*RECORDS FOR PROCESSING*
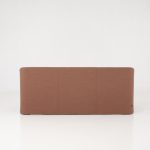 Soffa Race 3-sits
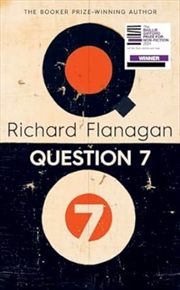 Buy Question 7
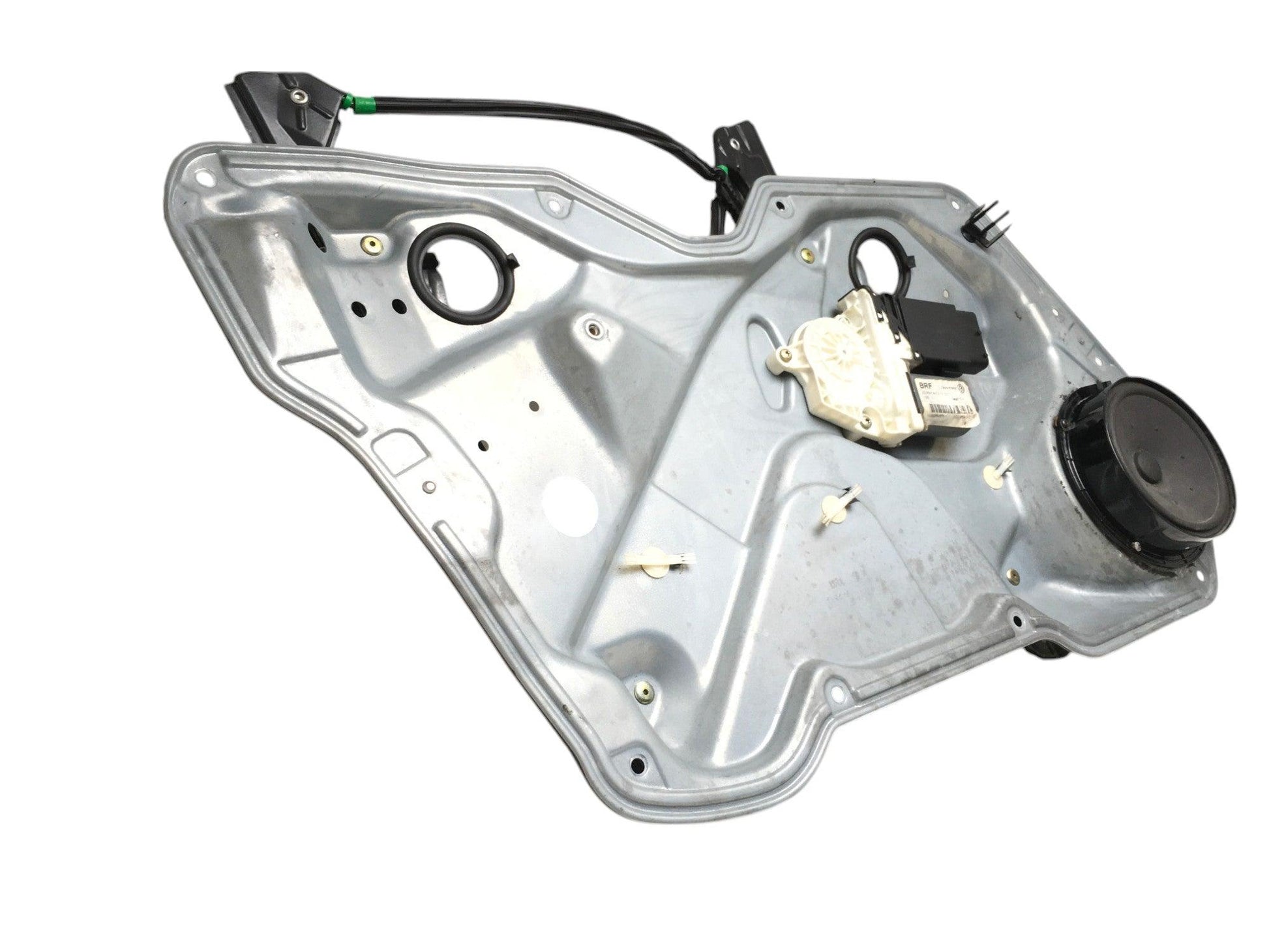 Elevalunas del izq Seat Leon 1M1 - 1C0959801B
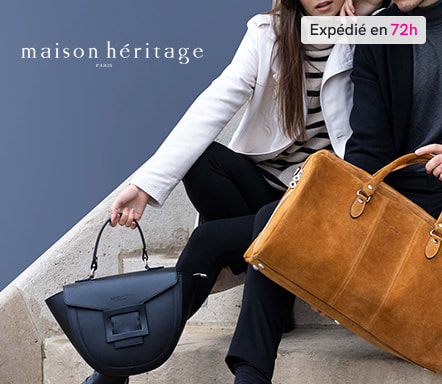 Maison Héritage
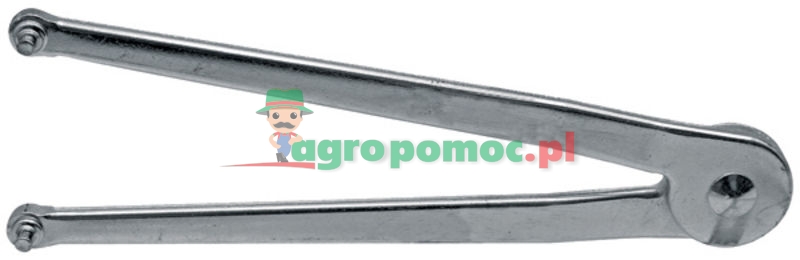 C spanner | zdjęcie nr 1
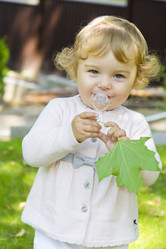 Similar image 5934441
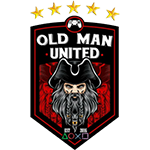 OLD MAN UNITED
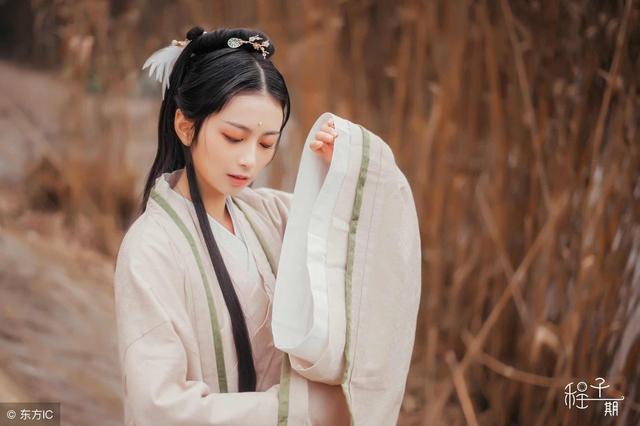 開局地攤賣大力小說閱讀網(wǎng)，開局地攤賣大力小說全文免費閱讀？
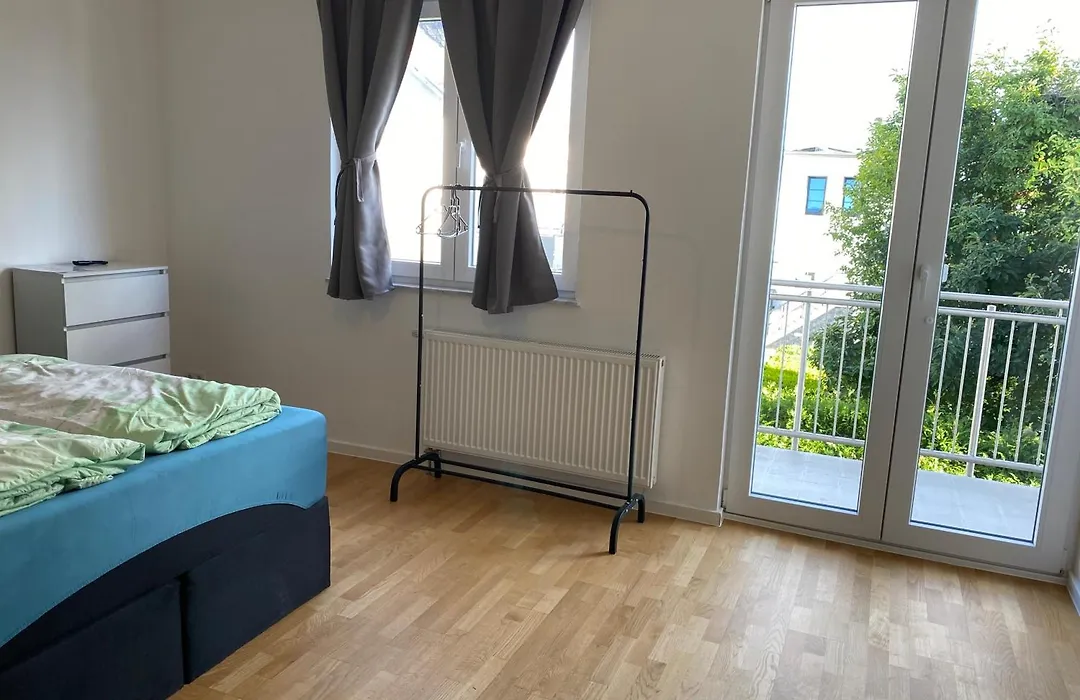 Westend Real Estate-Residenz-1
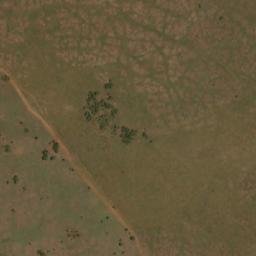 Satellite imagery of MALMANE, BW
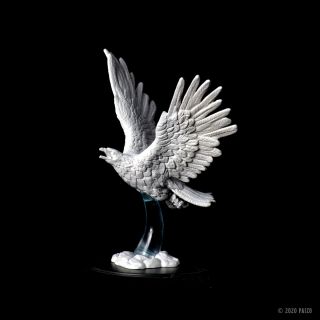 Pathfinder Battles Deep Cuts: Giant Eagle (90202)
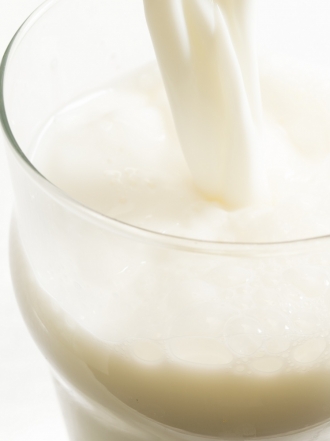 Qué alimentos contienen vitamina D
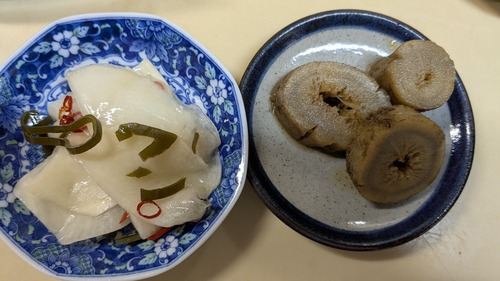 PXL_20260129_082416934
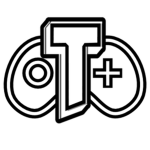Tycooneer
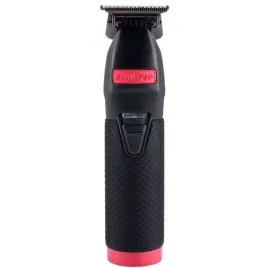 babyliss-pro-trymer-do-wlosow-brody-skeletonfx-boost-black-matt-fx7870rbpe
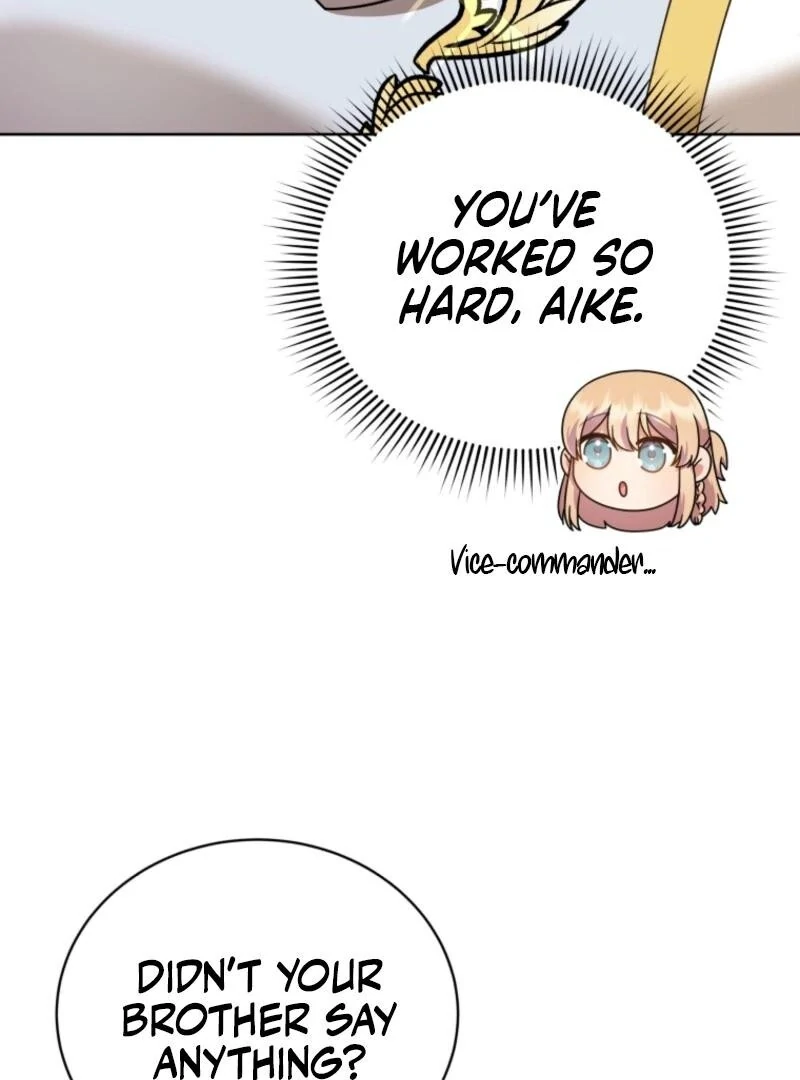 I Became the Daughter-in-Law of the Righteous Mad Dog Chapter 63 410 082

*WHAT YOU ARE ASKED TO DO*
Leaving every picture out, write out exactly the lines from the one that holds "Qué alimentos contienen vitamina D" through the end of the listing, both included.

*EXERCISE SOLUTION*
 Qué alimentos contienen vitamina D
 PXL_20260129_082416934
Tycooneer
 babyliss-pro-trymer-do-wlosow-brody-skeletonfx-boost-black-matt-fx7870rbpe
 I Became the Daughter-in-Law of the Righteous Mad Dog Chapter 63 410 082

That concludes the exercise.